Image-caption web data
---*---

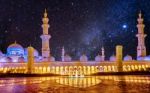 Sheikh Zayed Grand Mosque In Abu Dhabi, Uae At Night Stock Photo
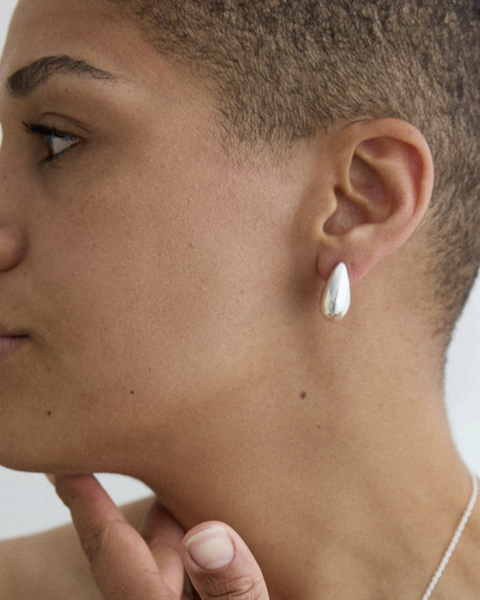 Small Silver Hollow Form Tear Drop Earrings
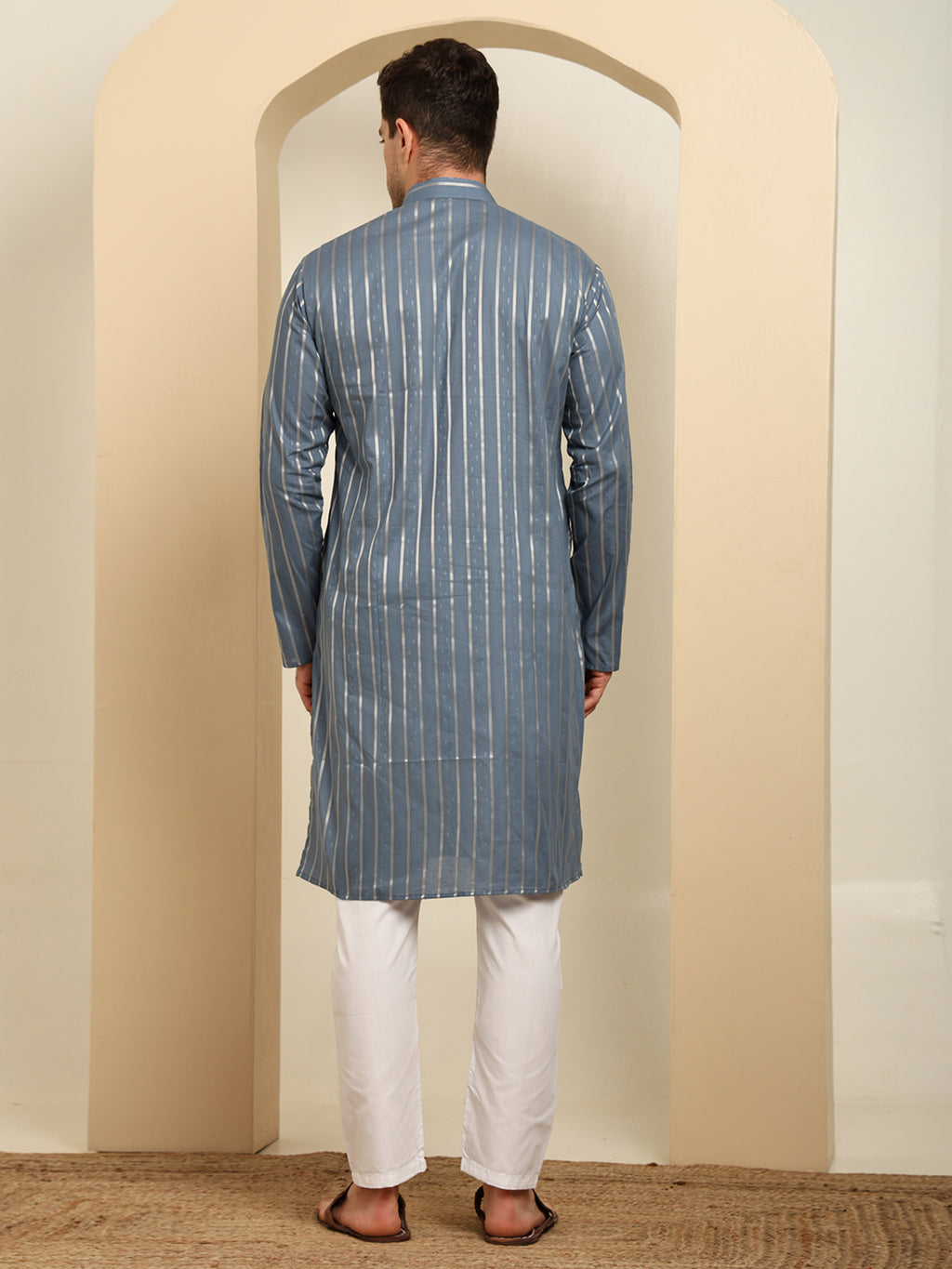Slate Blue Striped Cotton Blend Kurta Pajama Set – Classic Minimal Design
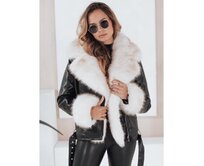 Dámská zimní bunda ramoneska s kožešinou černá Černá, L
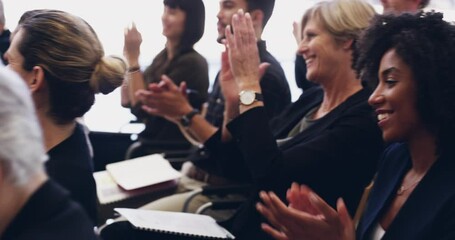 Aufkleber - Business advancements deserve a round of applause. Diverse group of business people smiling and clapping at a conference, sitting and applauding during a corporate training seminar meeting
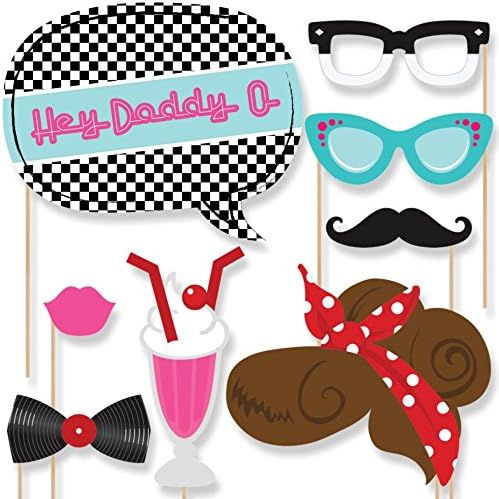 Big Dot of Happiness 1950s Sock Hop Photo Booth Props Kit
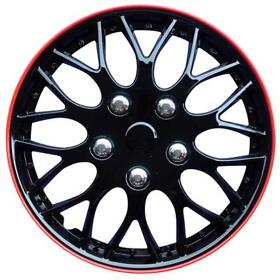 Kt-970-16ibr 4 New Polish Black Red Lip 16inch Fits Dodge Volks 5 Bolt Steel Wheel Covers Set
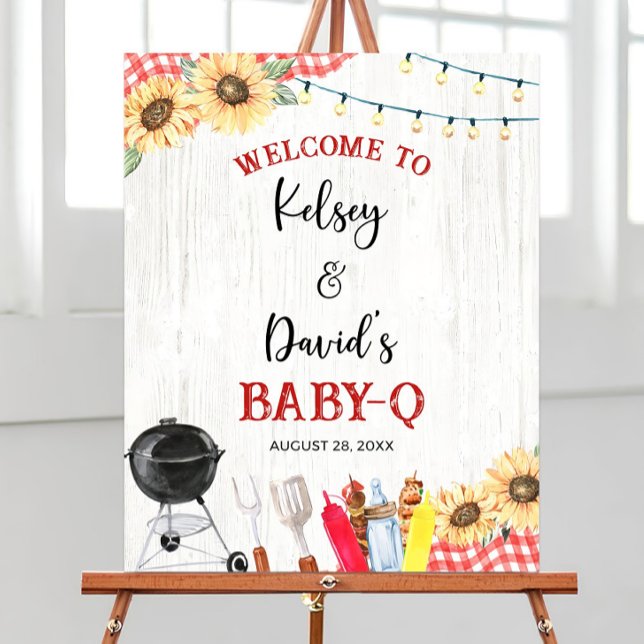 Editable BBQ Baby Shower Welcome Sign Backyard Bab (Creator Uploaded)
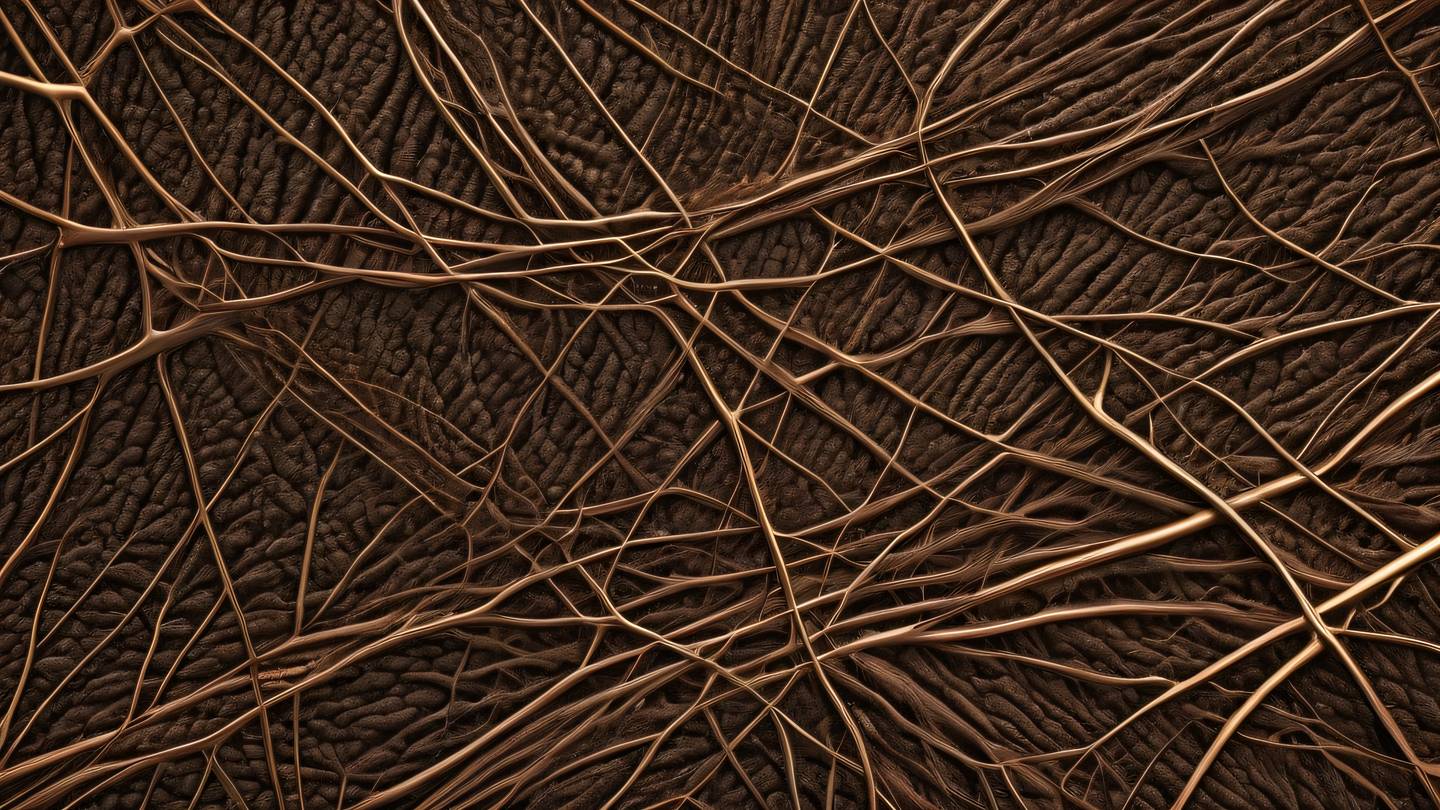 Organic textures resembling network patterns in nature featuring bright neutral and dark bronze colors shot from diagonal angle high-quality ultra-realistic cinematic 8K UHD high resolution sharp and detail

---*---

WHAT YOU SHOULD DO
Could you transcribe exactly the lines from the start of the records through the line containing "Dámská zimní bunda", both ends included, leaving the pictures out?

SOLUTION TO THIS EXERCISE
 Sheikh Zayed Grand Mosque In Abu Dhabi, Uae At Night Stock Photo
 Small Silver Hollow Form Tear Drop Earrings
Slate Blue Striped Cotton Blend Kurta Pajama Set – Classic Minimal Design
 Dámská zimní bunda ramoneska s kožešinou černá Černá, L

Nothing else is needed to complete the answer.